I am unable to agree with my colleagues upon the substantive and procedural issues found in this case.

On December 17, 1974, the defendant Wesley Construction Company filed its motion to dismiss upon the basis that the death of the plaintiff had been suggested of record and no motion for substitution had been filed and upon the further basis that the cause of action had abated. The court granted the motion in a judgment order, final in form. That order was entered on December 18. At that time, there were other parties defendant and the trial court did not then nor later make a finding regarding appealability by one of multiple defendants as contemplated and required by Supreme Court Rule 304 (Ill. Rev. Stat. 1973, ch. 110A, par. 304).

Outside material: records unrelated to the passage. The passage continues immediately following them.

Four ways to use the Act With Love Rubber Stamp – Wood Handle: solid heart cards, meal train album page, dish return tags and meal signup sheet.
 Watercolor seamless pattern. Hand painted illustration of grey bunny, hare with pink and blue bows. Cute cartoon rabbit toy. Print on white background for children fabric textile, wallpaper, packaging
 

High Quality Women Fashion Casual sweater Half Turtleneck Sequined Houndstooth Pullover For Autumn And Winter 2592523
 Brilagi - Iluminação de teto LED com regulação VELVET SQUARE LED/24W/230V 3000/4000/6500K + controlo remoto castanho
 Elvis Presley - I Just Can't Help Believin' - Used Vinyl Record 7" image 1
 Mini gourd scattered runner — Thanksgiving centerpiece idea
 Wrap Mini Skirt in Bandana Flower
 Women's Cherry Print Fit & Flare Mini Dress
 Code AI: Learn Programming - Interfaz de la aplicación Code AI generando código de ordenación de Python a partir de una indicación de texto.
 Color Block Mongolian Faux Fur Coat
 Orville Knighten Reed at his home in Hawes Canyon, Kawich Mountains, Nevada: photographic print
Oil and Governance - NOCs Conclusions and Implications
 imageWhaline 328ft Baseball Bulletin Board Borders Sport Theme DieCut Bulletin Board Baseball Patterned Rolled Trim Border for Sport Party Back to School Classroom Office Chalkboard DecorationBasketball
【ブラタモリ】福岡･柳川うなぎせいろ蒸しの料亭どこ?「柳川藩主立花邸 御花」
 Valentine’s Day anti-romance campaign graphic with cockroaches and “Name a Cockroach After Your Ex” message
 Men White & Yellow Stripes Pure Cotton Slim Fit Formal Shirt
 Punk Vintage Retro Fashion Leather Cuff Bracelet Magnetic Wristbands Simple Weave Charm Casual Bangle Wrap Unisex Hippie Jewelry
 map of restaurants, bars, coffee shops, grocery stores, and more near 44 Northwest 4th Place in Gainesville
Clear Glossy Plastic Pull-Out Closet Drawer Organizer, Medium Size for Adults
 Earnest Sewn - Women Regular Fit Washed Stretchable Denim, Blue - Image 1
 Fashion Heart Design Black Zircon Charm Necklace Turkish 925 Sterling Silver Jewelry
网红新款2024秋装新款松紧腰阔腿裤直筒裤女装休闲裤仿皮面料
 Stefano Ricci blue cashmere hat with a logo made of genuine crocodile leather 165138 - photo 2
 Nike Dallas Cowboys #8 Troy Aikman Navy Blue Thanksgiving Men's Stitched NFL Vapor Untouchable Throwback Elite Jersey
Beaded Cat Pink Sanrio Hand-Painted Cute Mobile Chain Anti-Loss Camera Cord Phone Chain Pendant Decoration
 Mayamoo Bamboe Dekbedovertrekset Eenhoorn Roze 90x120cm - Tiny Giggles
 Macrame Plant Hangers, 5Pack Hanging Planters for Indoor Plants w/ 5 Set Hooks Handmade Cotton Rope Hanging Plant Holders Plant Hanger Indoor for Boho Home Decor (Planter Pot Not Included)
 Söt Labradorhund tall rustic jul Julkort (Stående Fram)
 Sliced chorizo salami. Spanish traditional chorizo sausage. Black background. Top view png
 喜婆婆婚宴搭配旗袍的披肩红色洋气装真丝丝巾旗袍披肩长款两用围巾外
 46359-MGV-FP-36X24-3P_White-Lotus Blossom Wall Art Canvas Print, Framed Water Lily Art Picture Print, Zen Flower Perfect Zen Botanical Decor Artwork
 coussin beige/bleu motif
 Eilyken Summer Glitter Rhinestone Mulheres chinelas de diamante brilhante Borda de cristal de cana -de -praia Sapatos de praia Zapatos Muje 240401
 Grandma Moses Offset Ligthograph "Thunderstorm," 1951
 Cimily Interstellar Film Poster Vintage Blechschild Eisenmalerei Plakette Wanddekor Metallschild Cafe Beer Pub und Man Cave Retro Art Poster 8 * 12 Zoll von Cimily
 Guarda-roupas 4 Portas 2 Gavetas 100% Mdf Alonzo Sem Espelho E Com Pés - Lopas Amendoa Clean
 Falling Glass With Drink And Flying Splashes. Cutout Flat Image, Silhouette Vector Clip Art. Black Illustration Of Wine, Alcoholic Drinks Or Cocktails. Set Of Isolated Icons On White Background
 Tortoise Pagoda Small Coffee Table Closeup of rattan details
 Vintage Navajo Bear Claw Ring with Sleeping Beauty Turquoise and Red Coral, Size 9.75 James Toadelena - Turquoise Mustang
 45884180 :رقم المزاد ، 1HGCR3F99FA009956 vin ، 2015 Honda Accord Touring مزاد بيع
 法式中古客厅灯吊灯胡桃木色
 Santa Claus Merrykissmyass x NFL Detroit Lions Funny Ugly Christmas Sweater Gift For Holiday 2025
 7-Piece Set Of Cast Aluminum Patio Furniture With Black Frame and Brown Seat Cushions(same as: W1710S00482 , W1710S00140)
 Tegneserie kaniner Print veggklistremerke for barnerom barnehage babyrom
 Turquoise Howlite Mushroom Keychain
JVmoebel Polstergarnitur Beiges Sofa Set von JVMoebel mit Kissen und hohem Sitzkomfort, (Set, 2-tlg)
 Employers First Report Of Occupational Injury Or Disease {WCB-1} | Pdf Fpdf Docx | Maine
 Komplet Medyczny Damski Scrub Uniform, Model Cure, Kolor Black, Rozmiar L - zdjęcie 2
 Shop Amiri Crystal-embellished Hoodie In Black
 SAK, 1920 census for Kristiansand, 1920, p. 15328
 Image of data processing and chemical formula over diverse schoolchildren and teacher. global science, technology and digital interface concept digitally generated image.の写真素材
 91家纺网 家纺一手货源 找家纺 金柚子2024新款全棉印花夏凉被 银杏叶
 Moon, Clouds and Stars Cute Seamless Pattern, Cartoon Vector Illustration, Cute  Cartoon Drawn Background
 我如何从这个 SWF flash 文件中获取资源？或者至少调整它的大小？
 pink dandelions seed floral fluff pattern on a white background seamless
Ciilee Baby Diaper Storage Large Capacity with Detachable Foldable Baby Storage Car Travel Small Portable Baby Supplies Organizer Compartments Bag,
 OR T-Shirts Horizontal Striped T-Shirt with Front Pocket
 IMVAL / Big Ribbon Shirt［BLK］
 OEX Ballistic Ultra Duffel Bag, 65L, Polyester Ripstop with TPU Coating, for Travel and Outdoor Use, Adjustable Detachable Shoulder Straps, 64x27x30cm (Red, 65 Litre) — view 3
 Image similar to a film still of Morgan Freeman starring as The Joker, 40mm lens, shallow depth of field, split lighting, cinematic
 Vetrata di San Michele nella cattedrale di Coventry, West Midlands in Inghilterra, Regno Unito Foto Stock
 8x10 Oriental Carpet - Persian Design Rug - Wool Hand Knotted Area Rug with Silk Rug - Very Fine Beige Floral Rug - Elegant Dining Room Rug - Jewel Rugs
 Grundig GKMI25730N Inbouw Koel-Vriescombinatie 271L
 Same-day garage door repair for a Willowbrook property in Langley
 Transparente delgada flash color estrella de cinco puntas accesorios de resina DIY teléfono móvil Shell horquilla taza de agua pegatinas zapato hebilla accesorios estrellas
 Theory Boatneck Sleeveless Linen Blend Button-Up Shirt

Thereafter, on December 23, the court granted a like motion of the defendant Harlan E. Moore and Company. The docket entry was to the effect that the case was dismissed and the cause stricken; and the entry was followed by the phrase “see order.” There is no order. It seems reasonable to conclude that under Rule 272 (Ill. Rev. Stat. 1973, ch. 110A, par. 272) there is not now nor was there then a final judgment. Here again, there was no finding under Rule 304.

There were subsequent proceedings by motions and countermotions, all preceding the notice of appeal. The procedural defects above alluded to are not cured by the subsequent proceedings.

Upon the merits, this case is concerned with an alleged cause of action for injuries that occurred on February 20,1968. The complaint was filed in July 1969, and apparently nothing was done until some two years thereafter. The plaintiff died on August 5,1974, and the suggestion of his death was filed by one of the defendants in August 1974. The proof of service shows that only counsel for the other defendants and counsel for the then-deceased plaintiff were given notice of the filing of the suggestion of death.

I recognize that the sanction to be employed is discretionary with the trial court. Upon the basis of this record, I believe that the sanction that was employed was too severe.